(TRY IT) Only one span is wanted from the lines below: from the one with "Lámpara de techo" up to and including the one with "Downtown Apartment *". Copy it exactly, without images.
----- INFORMATION SUPPLIED -----
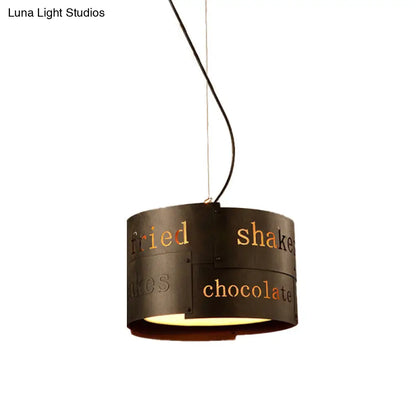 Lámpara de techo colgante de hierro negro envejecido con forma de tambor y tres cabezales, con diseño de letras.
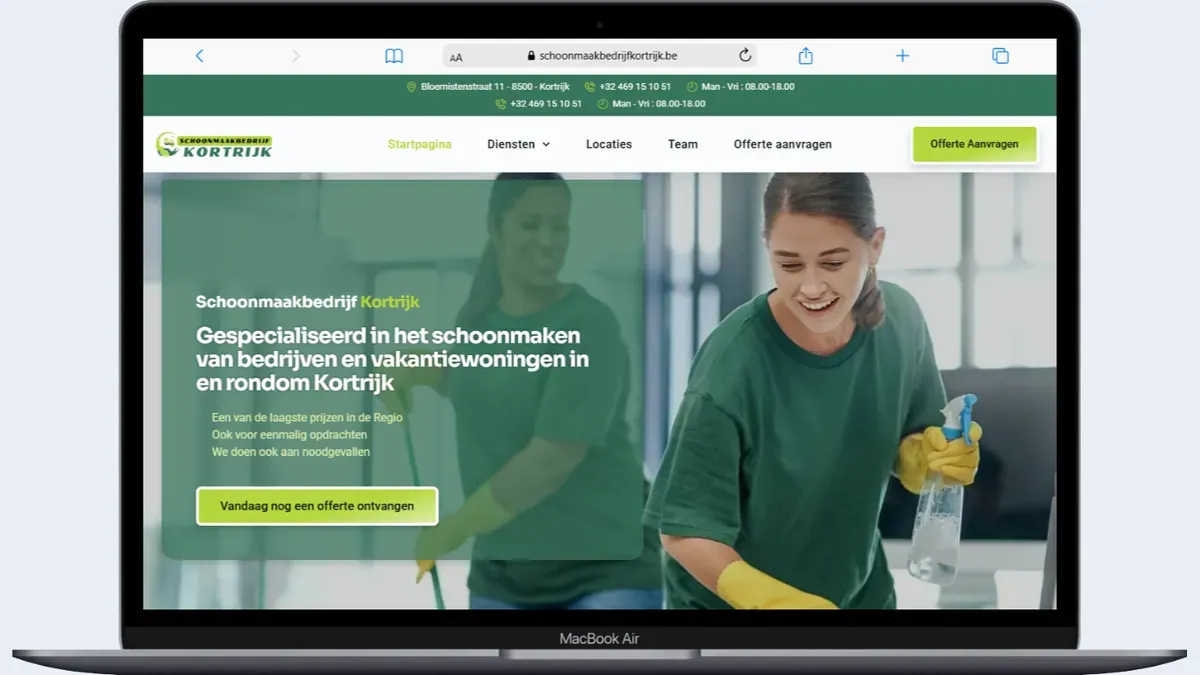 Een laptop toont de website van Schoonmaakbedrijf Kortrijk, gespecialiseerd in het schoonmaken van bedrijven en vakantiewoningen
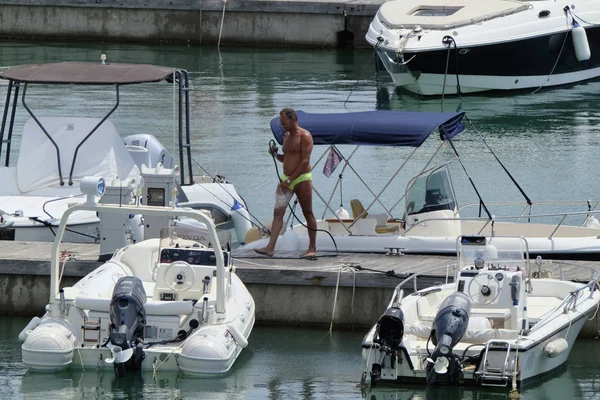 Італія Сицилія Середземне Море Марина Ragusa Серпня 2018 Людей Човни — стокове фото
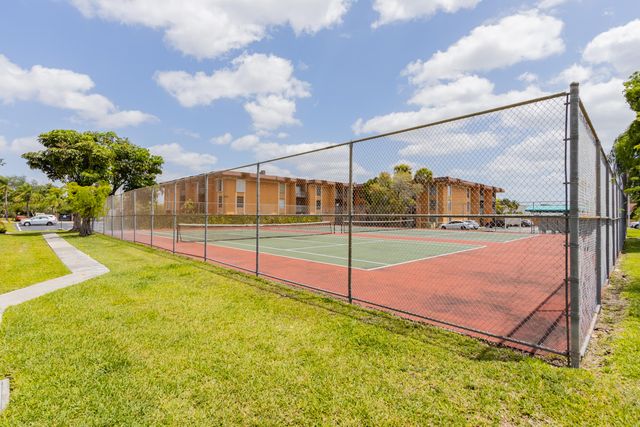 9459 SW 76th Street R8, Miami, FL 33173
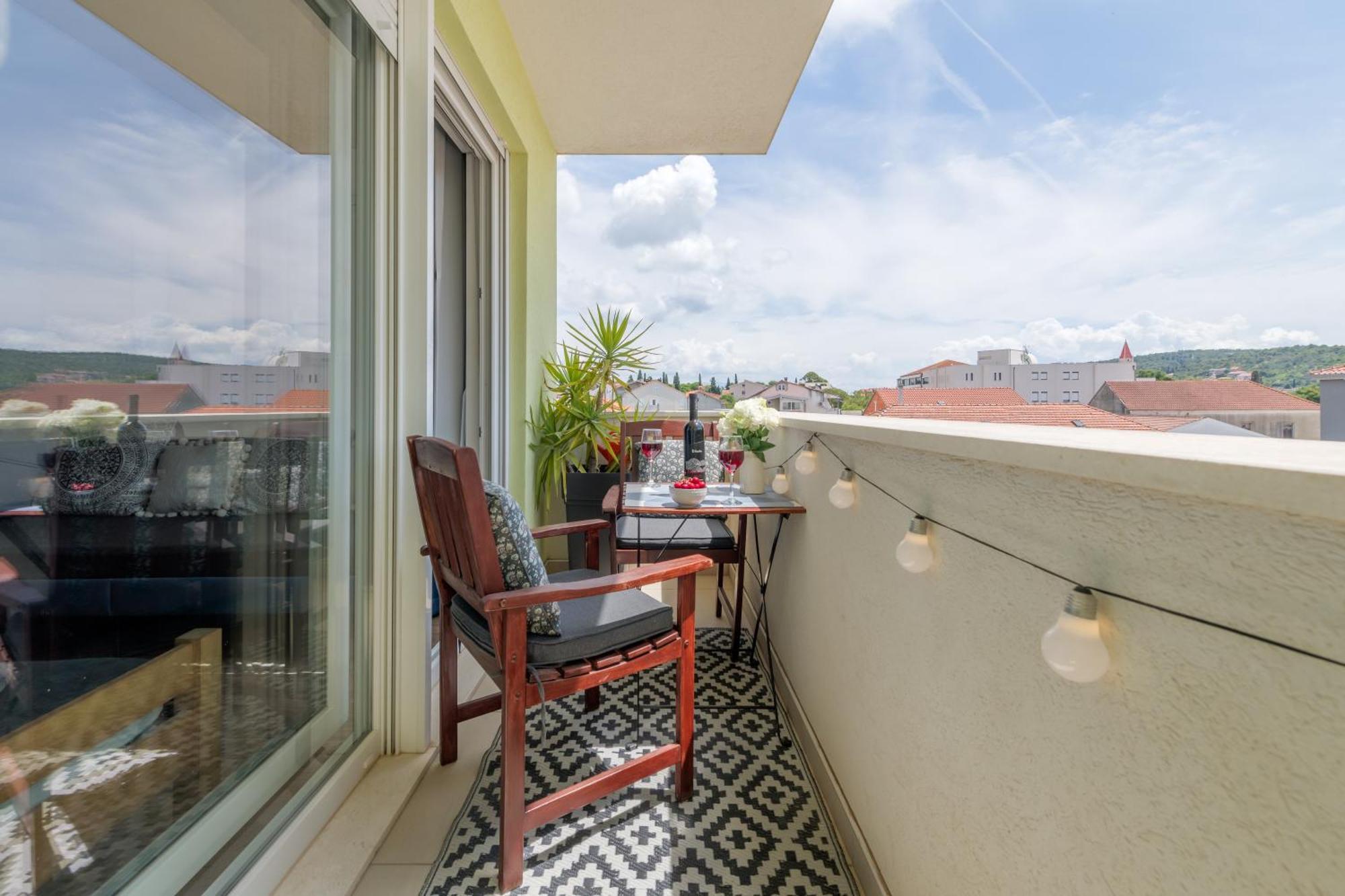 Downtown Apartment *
-----
----- INFORMATION SUPPLIED -----
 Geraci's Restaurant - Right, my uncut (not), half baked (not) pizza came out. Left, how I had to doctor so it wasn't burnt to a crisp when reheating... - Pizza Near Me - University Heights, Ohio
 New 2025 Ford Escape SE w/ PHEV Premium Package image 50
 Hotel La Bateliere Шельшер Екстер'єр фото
-----
(COMPLETED TASK)
 Lámpara de techo colgante de hierro negro envejecido con forma de tambor y tres cabezales, con diseño de letras.
 Een laptop toont de website van Schoonmaakbedrijf Kortrijk, gespecialiseerd in het schoonmaken van bedrijven en vakantiewoningen
 Італія Сицилія Середземне Море Марина Ragusa Серпня 2018 Людей Човни — стокове фото
 9459 SW 76th Street R8, Miami, FL 33173
 Downtown Apartment *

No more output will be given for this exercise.